Il film aiuterà ad introdurre la preziosa e rarissima testimonianza di Liliana Esposito Carbone, madre di Massimiliano Carbone, ucciso dalla ‘ndrangheta perché amante della moglie di un boss. Liliana e la sua famiglia, dal settembre del 2004, sono stati coinvolti direttamente dal fervore malavitoso della ‘ndrangheta. Una madre coraggio sostenuta da una fiamma interiore che non l’abbandona, dall’obiettivo di vedere in manette la mano che ha spezzato la vita di suo figlio. È un fiore all’occhiello per la Calabria, da portare sul cuore, come fa lei con la fotografia del suo Massimiliano. Così, con la foto del figlio sul petto, tiene conferenze in tutta Italia. Seguirà un breve saluto dell'Assessore Eleonora Caponi.

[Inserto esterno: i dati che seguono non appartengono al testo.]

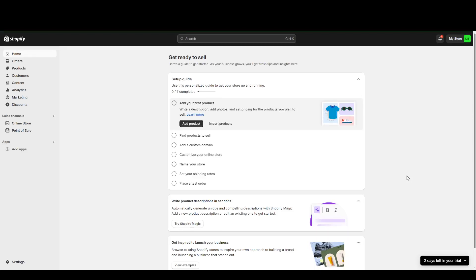Hey guys, today we're going to be talking about the five best email marketing apps on Shopify.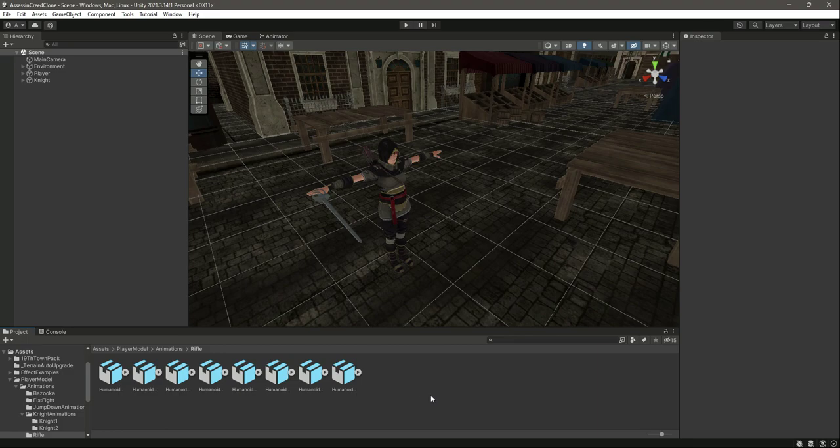So the animations are now all set up. In the next video we will create an animator controller for this.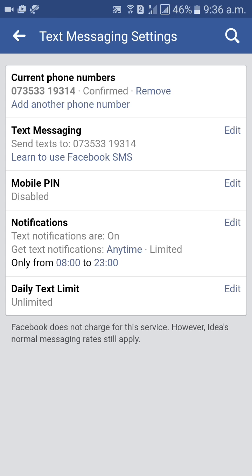We already have one phone number added. So now we need to change the phone number, that's why you need to remove that existing phone number. Beside the 'Confirmed' status, you will get an option called Remove — click on that option to remove your phone number.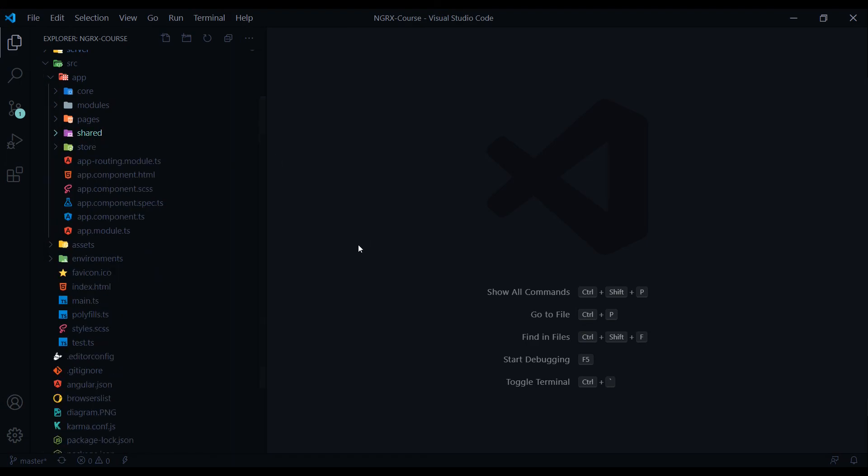So that is a quick rundown of this application. Now let's get into the NGRX stuff. In module two, we'll just go over what NGRX is and why we should use it.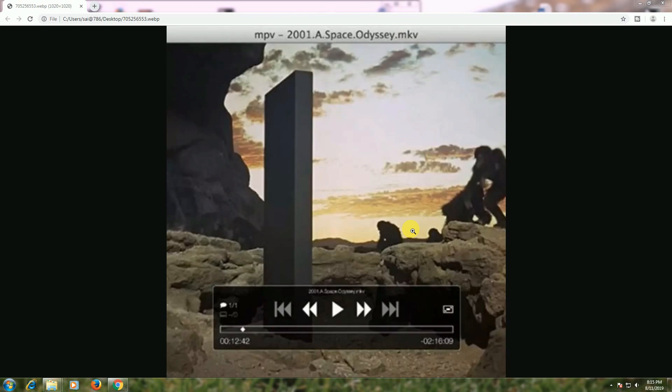This MPV Player supports VDPAU, VAAPI, DXVA2, VDA and video toolbox. The high quality video output, MPV is OpenGL based video output capable of many features.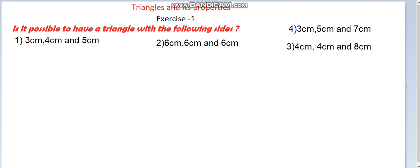Hi everyone, welcome back to our maths class. In the last class we discussed about types of triangles — triangles are differentiated based on sides and based on angles. Now here, Exercise 1 is about whether it is possible to have a triangle with the following sides. Some sides are given, so we have to check whether we can form a triangle with the given measurements.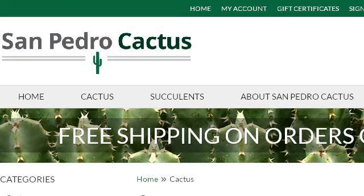Try also our second ranked site, www.sanpedrocactus.com, especially the page Cactus, San Pedro Cactus — SanPedroCactus.com. Here's the link.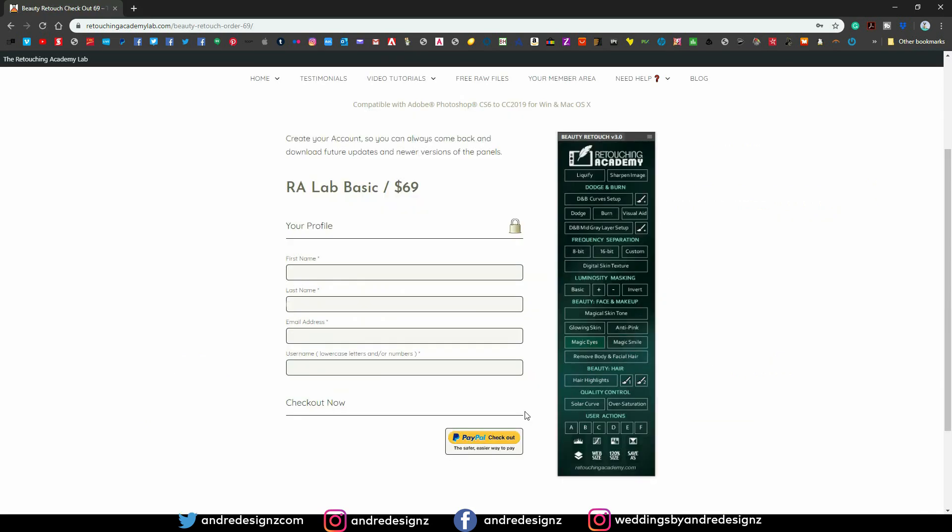So what you're going to do is fill out the information here. You're going to use your PayPal to place the order, and I'm not sure if you can use a credit card, but you can use your PayPal, and it's for $69 as you can see there.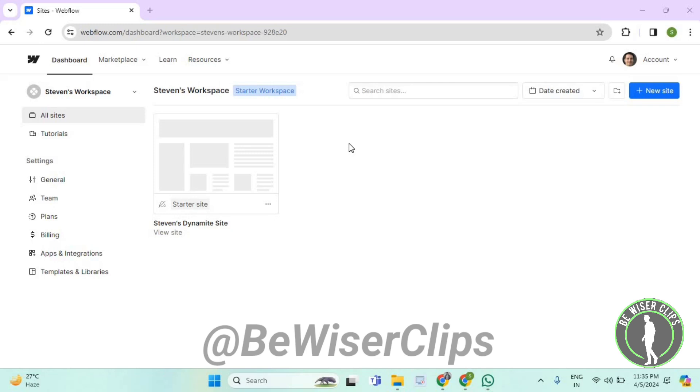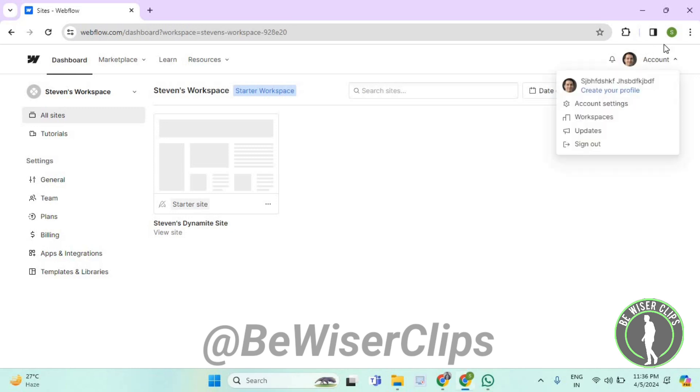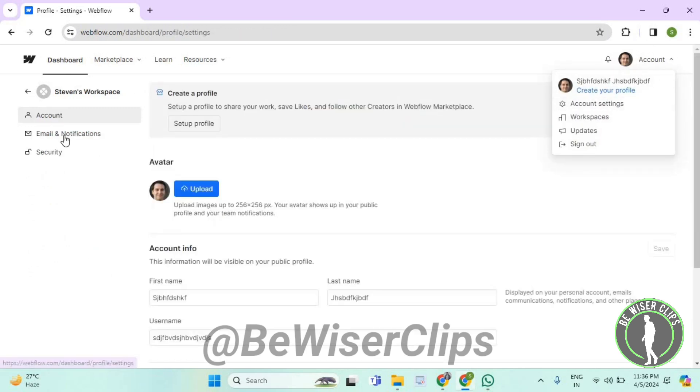So first of all, you'll need to login to your account on webflow.com and then select account which is on your top right corner. Now select account settings, then select email and notifications.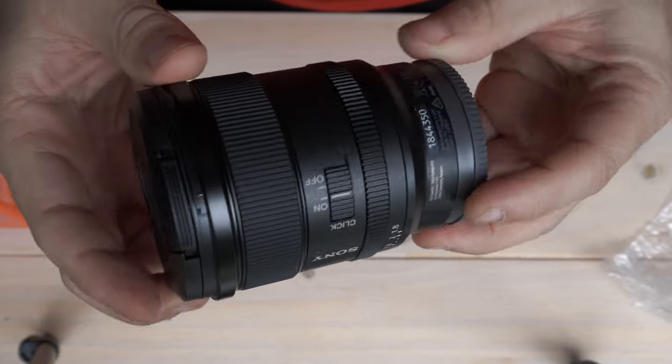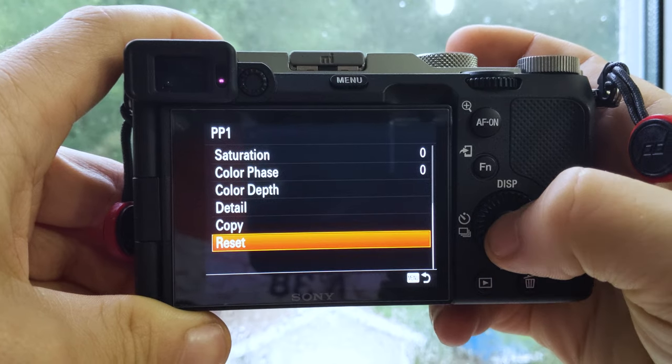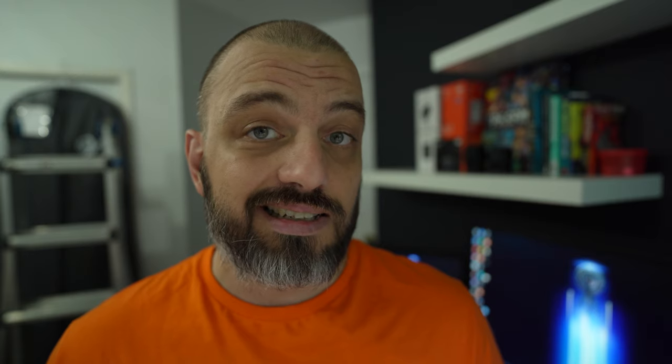We're shooting on the Sony 20mm f/1.8 G lens today with a consistent white balance of 5200 Kelvin, manually set. Camera settings are ISO 200, f/1.8 aperture, 1/50th shutter, 4K 24fps, standard creative style at 0-0-0, and Sony Picture Profile 1 on the a7C, reset to default out-of-the-box settings. What we're going to do is go through the Picture Profile 1 menu, change settings, and see how the image is affected.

Nel pomeriggio, dalle ore 16,00 in poi, il convegno si aprirà all'intera collettività, spostandosi al Cenacolo degli Agostiniani, sempre in Via de' Neri. Un tavolo di rappresentanze ed esperti d'eccezione condurrà il pubblico nell'ambito della criminologia al femminile. Dopo un breve saluto dell'Assessore Eleonora Caponi, la parola passerà ad Antonietta Risolo, editore e presidente del Centro Culturale Empolese, che spiegherà al pubblico le ragioni che hanno spinto lei e il CCE a proporre al Comune di Empoli un convegno così qualificante e importante per la città, dopo aver scelto di pubblicare il saggio di Giovanna Ruffin da cui tutto è partito.
Un convegno che porterà ad Empoli nomi di tutto rilievo come Giorgio Chinnici, professore di Statistica Criminale Università di Palermo, criminologo, consulente della Commissione nazionale Antimafia ed ex Presidente del Consiglio comunale di Palermo, che parlerà di evoluzione qualitativa e quantitativa del ruolo femminile nel rapporto associativo mafioso.

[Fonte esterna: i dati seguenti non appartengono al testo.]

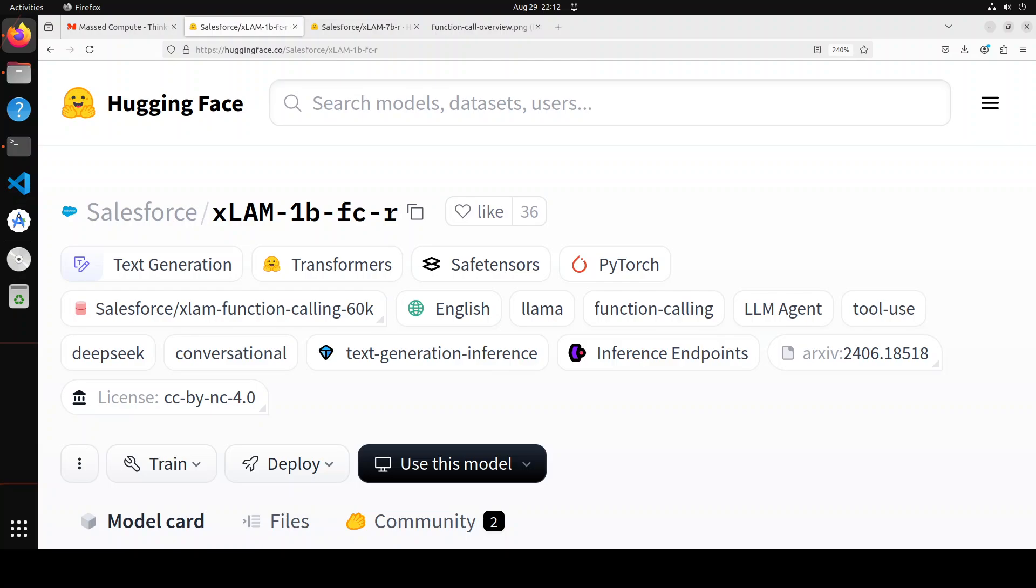Hello everyone and welcome to the channel. There is a new twist in the story. Salesforce has released large action models.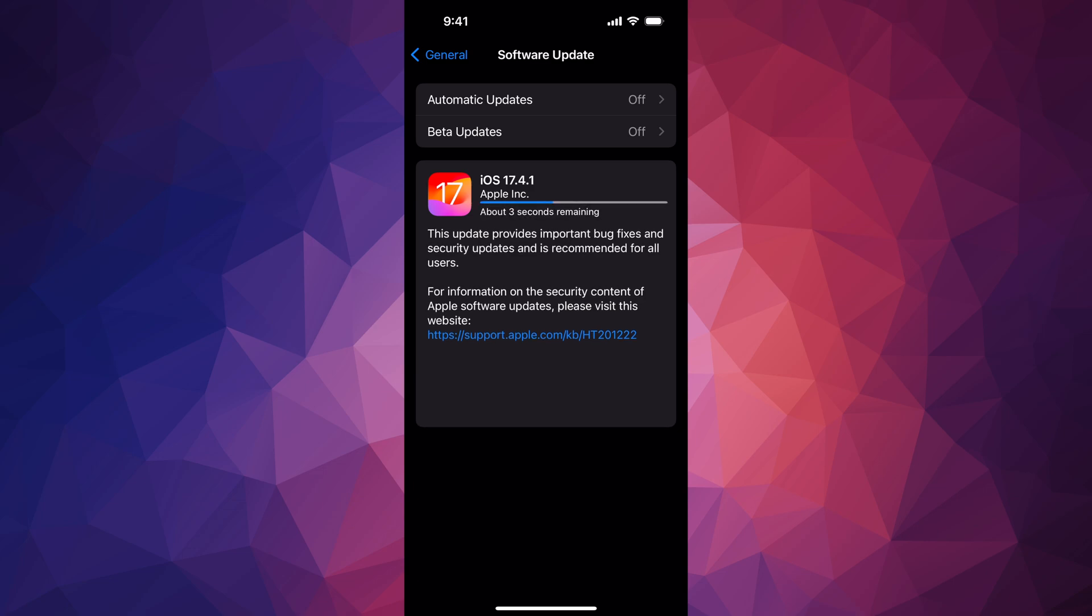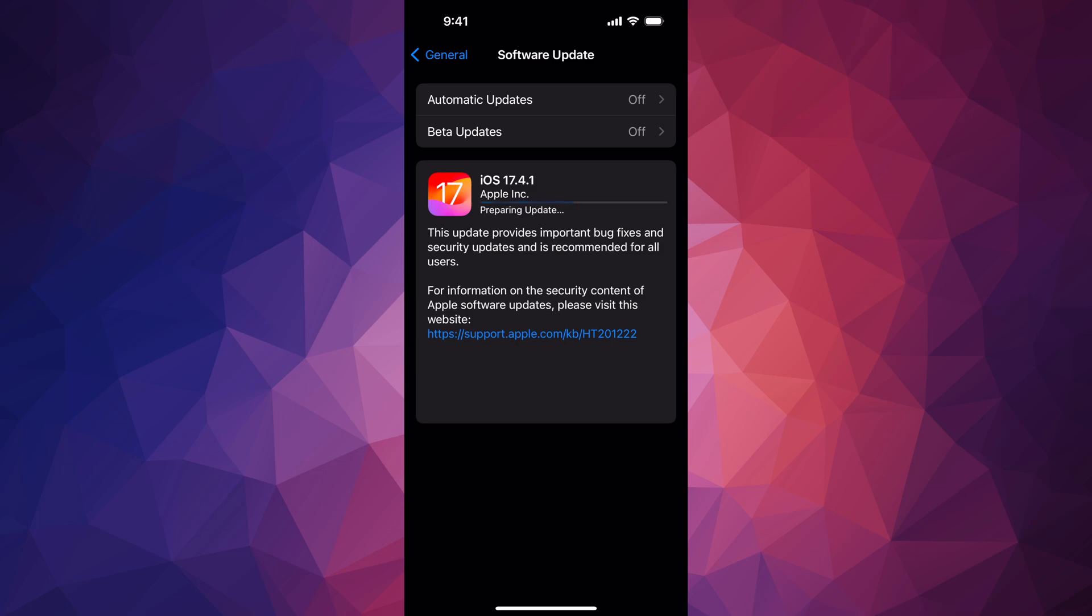Or you guys can go on your Mac and use Finder in order to do the backup and also update it.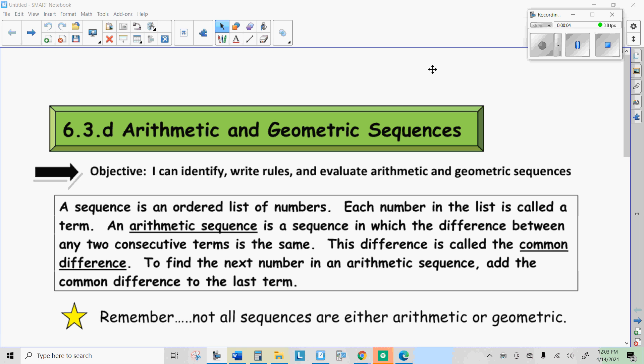Howdy there, Internet students. Mr. Hermanson again. Today we're going to talk about the second part of 6.3D, which is geometric sequences.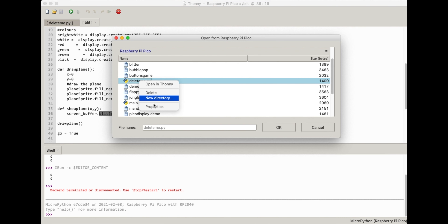This will delete it, so if you really want to delete it, do it. I don't know if there's a way to get it back. But if I do os.remove and pass in "main.py" — I do need these speech marks for this bit — then list dir again. That's gone.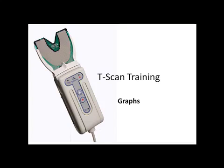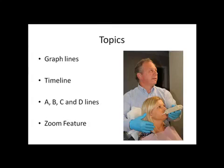TechScan presents the T-Scan training video, Graphs. This video will cover the following topics: Graph lines, timeline, A, B, C, and D lines, and zoom feature.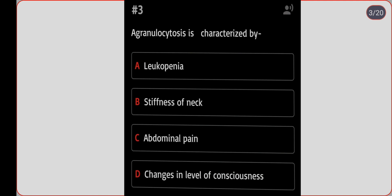Next question: agranulocytosis is characterized by which of the following? Option A: leukopenia. Option B: stiffness of neck. Option C: abdominal pain. Option D: changes in the level of consciousness. Correct answer is option A, leukopenia.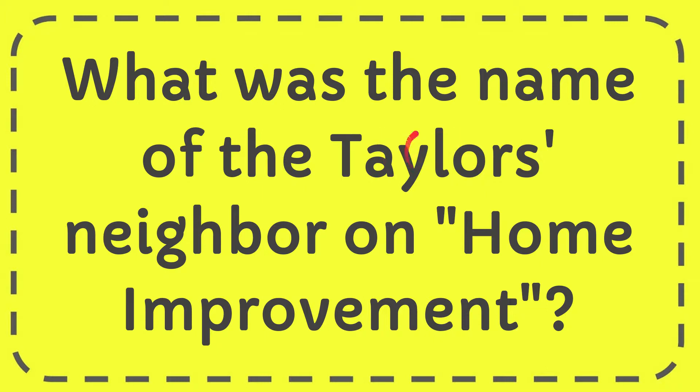In this video, I'm going to give you the answer to this question: What was the name of the Taylors' neighbor on Home Improvement?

Alessandro Ceci, politologo, docente Universitario di “Scienze dell’organizzazione” presso l’Università di Belgrado, e docente presso il Master di II livello presso l’Università “La Sapienza” di Roma, ha da sempre svolto la propria attività presso Centri di Ricerca e nelle università Italiane e Straniere. Responsabile scientifico del Centro Alti Studi per la lotta contro la violenza politica e il terrorismo, ha coordinato seminari internazionali sulle tematiche della sicurezza, l'intelligence e il terrorismo e ha condotto progetti specializzati per Istituzioni pubbliche e Istituti privati. Ceci farà una relazione sul ruolo strategico della donna nelle cosche mafiose e sulle diverse strutture della comunicazione femminile.

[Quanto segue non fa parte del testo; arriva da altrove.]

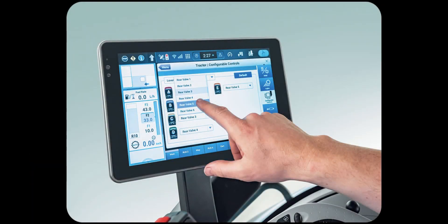Remote display viewing connects operators with a farm manager or dealer, so they can view exactly what an operator is seeing on the Intelliview 12 display in the cab to help with display navigation, setup, or troubleshooting.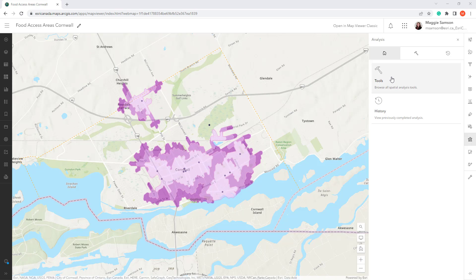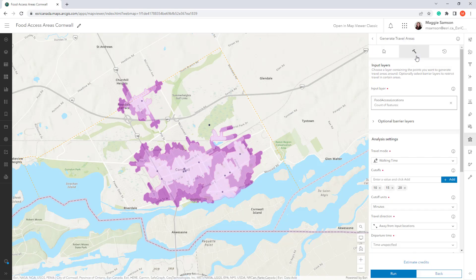I've been working on some analysis in ArcGIS Online trying to find areas in Cornwall where there are food deserts, or where people do not have easy access to food. Using the locations around different food access points, I created walk and drive layers to see areas where people can reasonably access their food. I have been using the Generate Travel Areas tool to build these layers with 10, 15, and 20 minute intervals.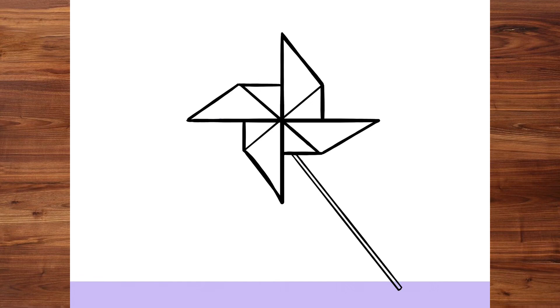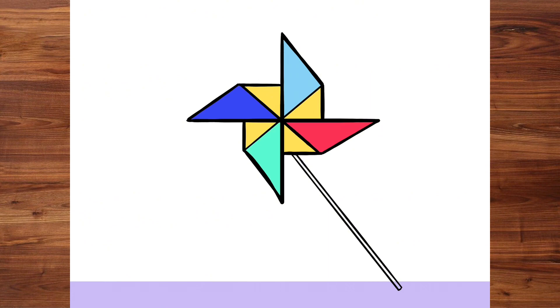Did you forget how to draw something? No worries! Just rewind the video like turning back a time machine and watch again.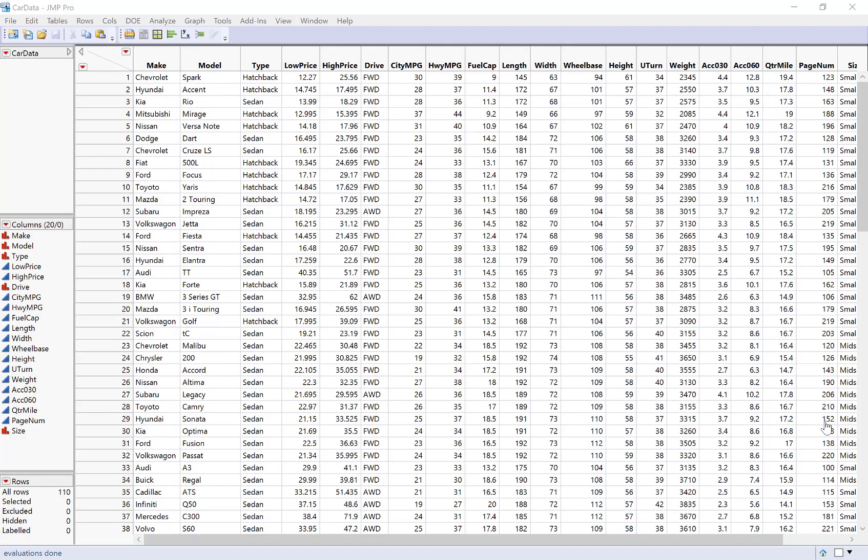This video will show you how to summarize categorical variables in JMP both graphically and numerically. We talked about categorical variables in class in terms of making contingency tables, row and column proportions, and bar charts, but we didn't actually explore how to do this in JMP.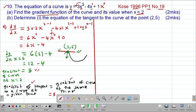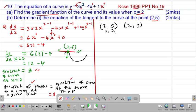Now that we have the gradient and a point through which the tangent passes, we can get the equation. We need a point and the gradient. The point is (2, 5), which we label as (x1, y1). We pick a general point (x, y) as (x2, y2). The gradient equals the change in y over change in x, which is (y2 minus y1) over (x2 minus x1).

Liliana Esposito Carbone dopo l'incontro al mattino con gli studenti, proporrà a tutto il pubblico la sua testimonianza di lotta di madre in nome del figlio, una storia vera nella Calabria dei nostri giorni. Coordinerà il tutto Giovanna Ruffin, criminologa, autrice di “Madri di Cosa Nostra, Le vestali del disvalore”.